Radio Frequency Identification (RFID) is a disruptive technology that uses radio waves to uniquely identify objects. As such, it has the potential to bring significant benefits to numerous government and private sector initiatives. However, significant technical challenges remain. A key area of study is in system performance: while the major hardware components in an RFID system (i.e., tags, readers and middleware) have been and continue to be studied extensively, there has been little research, comparatively, in characterizing RFID system performance.
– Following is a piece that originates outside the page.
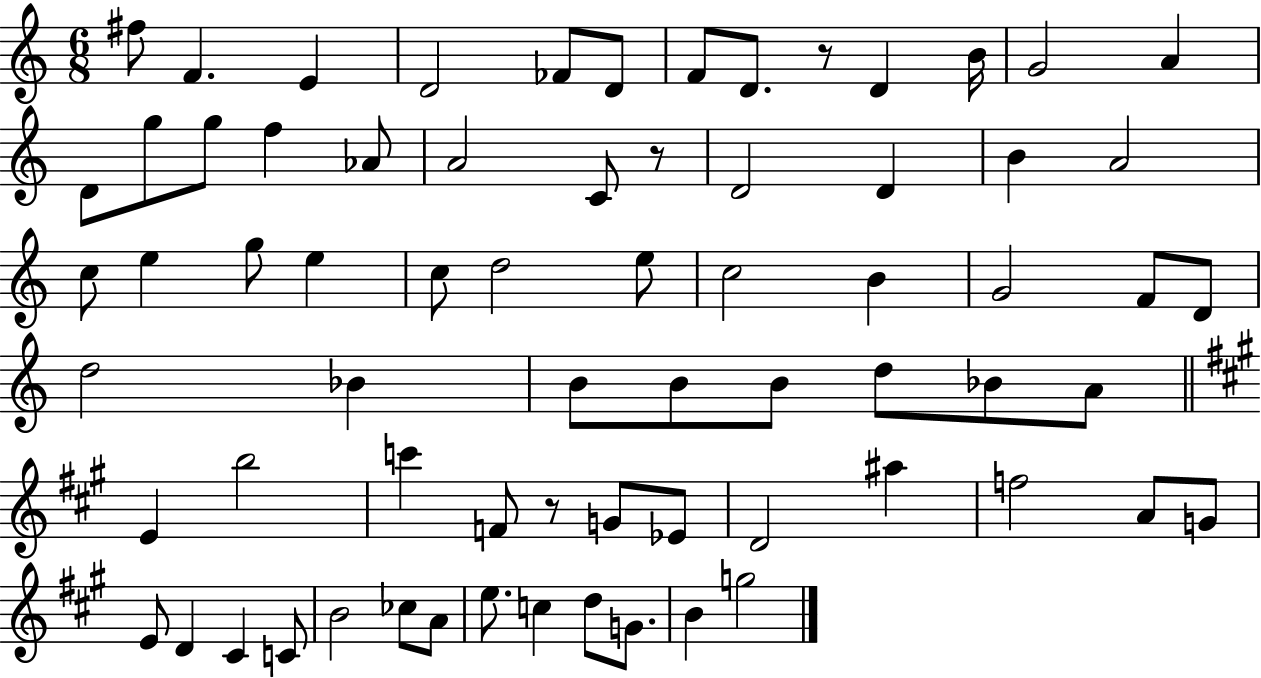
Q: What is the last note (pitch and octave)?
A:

The research presented in this paper was inspired, in part, by a laser printer RFID solution; i.e., one in which the printer simultaneously prints and programs ultra-high frequency (UHF) tags embedded in print media. In this paper, we have conducted a detailed experimental investigation of the primary factors influencing the performance of RFID systems similar to the print solution. This study aims to provide a systematic experimental process for investigating key factors — e.g., the air gap between reader antenna and tag, in-plane orientation of the tag with respect to the reader antenna, and power level output of the reader — which affect the programmability of UHF RFID tags. Results provide a baseline evaluation of the functionality of RFID systems of similar designs and provide a basis for a detailed exploration of the primary factors which affect RFID UHF passive tag dynamic programming capabilities.
By understanding which factors significantly affect the readability and programming of RFID tags, this research suggests optimal designs for system functionality and provides data needed in order to advance such designs. Additionally, a key obstacle for RFID implementation is tag selection. Effectively matching tags to applications requires numerous economic and technical considerations; these considerations generate different implementation constraints. This paper lays the foundation for a multi-objective optimization algorithm to help determine optimal tag selection for a given application, based upon tag performance and cost.